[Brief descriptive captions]
§ §

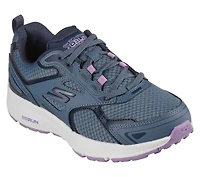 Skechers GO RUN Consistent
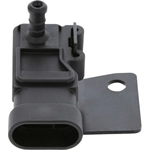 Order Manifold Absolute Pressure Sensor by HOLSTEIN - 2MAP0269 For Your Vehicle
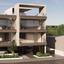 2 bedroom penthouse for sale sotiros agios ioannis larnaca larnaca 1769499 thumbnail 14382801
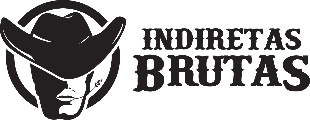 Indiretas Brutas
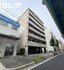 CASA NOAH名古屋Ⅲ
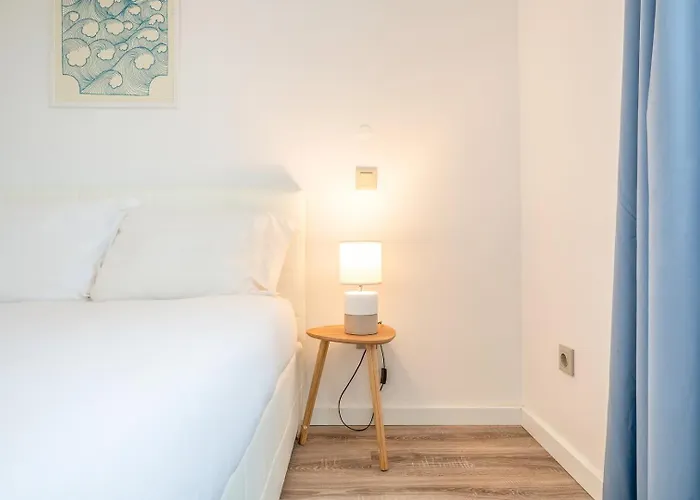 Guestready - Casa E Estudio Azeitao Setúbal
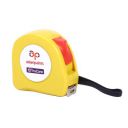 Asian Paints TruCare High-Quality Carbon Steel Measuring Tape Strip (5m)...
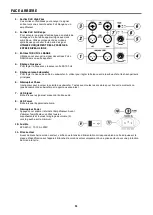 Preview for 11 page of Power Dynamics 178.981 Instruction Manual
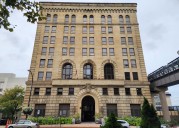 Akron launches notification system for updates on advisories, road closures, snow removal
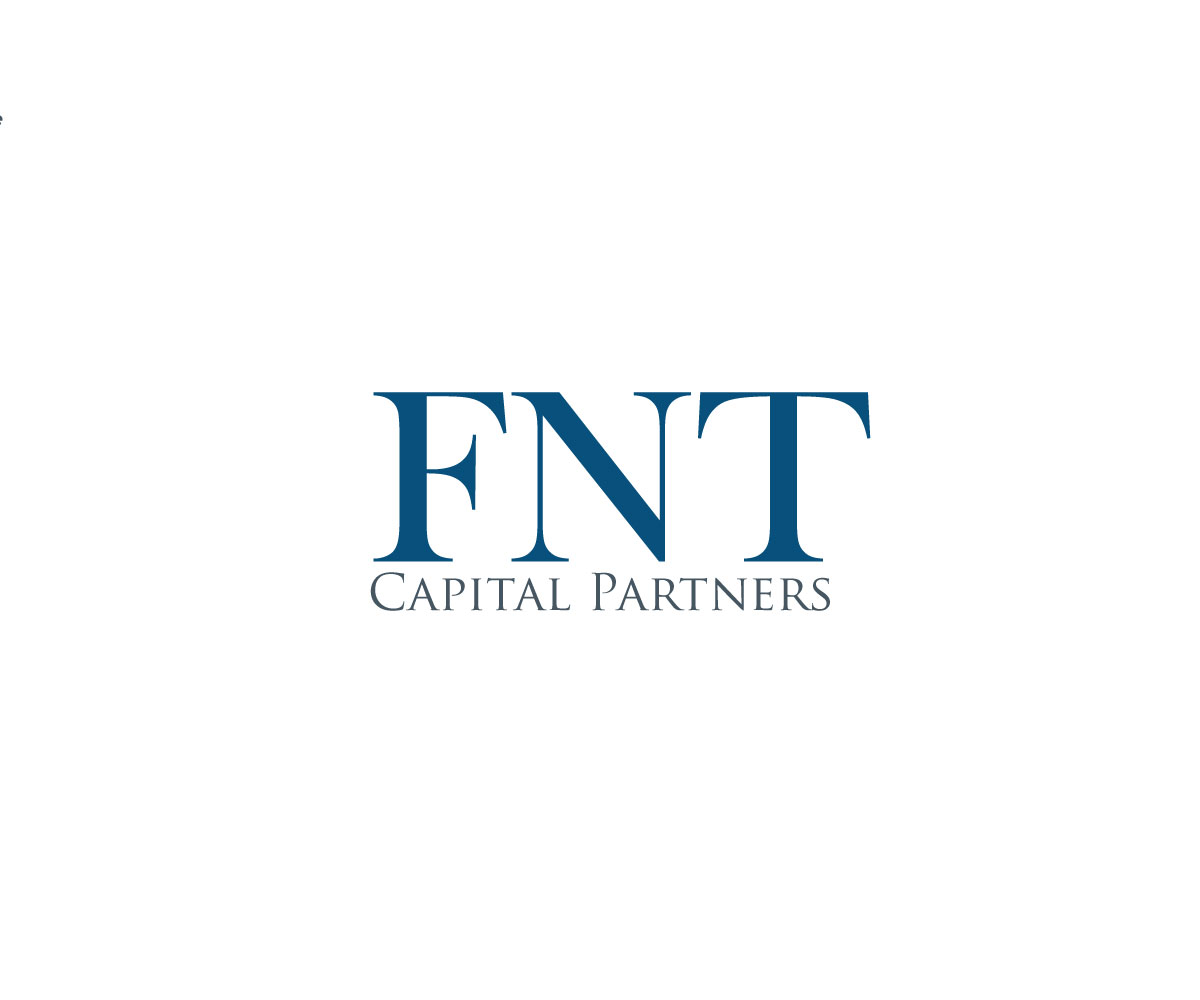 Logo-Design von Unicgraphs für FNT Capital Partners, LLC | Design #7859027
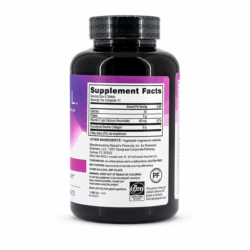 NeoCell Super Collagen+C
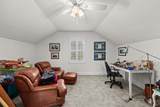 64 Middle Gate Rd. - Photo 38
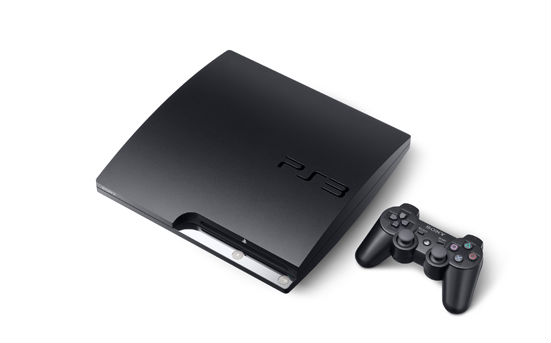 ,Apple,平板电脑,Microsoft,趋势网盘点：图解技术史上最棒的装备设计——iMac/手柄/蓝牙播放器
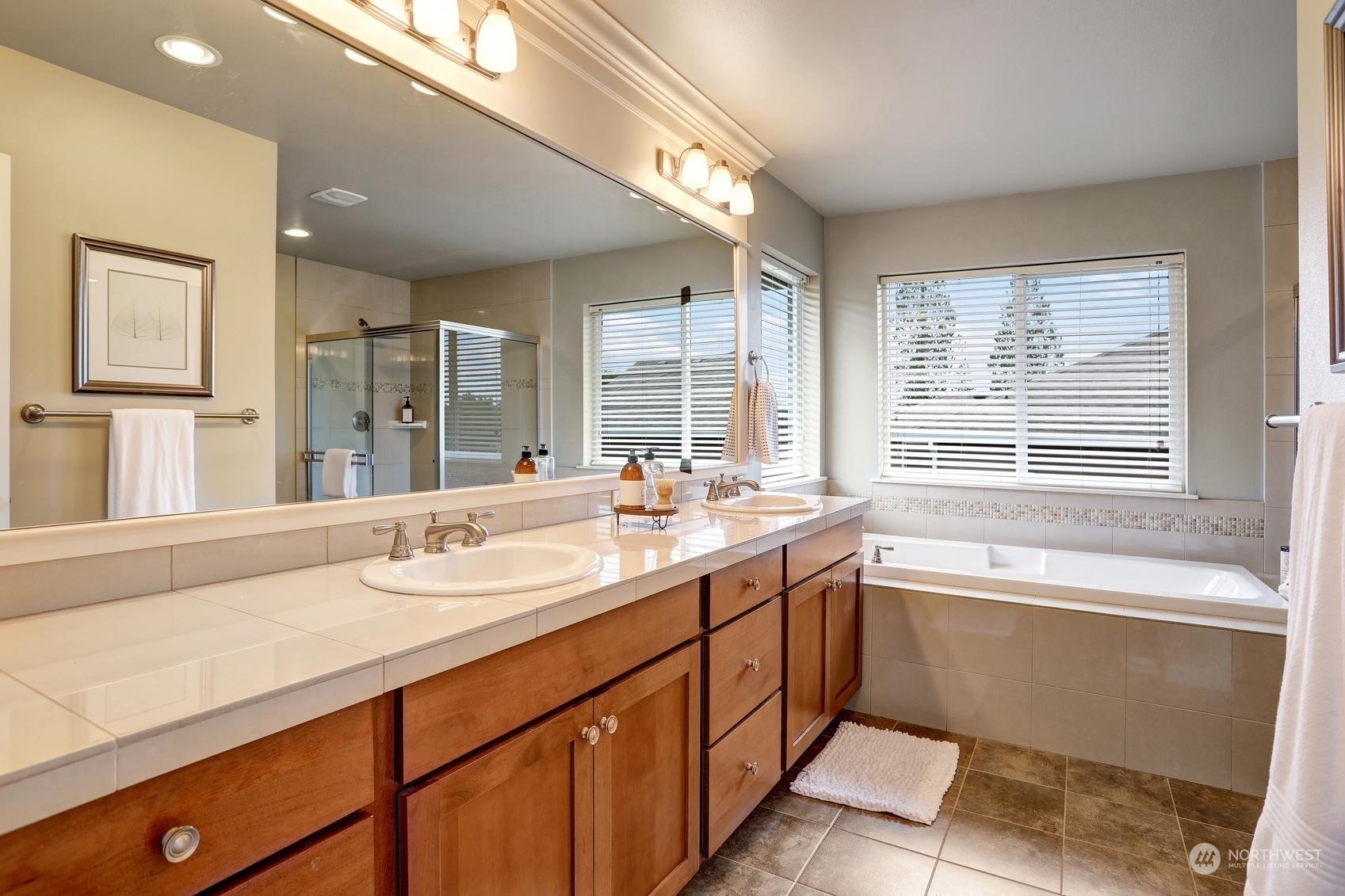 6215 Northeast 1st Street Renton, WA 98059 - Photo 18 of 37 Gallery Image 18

§ §

Task to complete: Restate word for word the lines from the one holding "Logo-Design von Unicgraphs" down through the last line of the records above, and do not include the pictures.

Exercise answer:
 Logo-Design von Unicgraphs für FNT Capital Partners, LLC | Design #7859027
 NeoCell Super Collagen+C
 64 Middle Gate Rd. - Photo 38
 ,Apple,平板电脑,Microsoft,趋势网盘点：图解技术史上最棒的装备设计——iMac/手柄/蓝牙播放器
 6215 Northeast 1st Street Renton, WA 98059 - Photo 18 of 37 Gallery Image 18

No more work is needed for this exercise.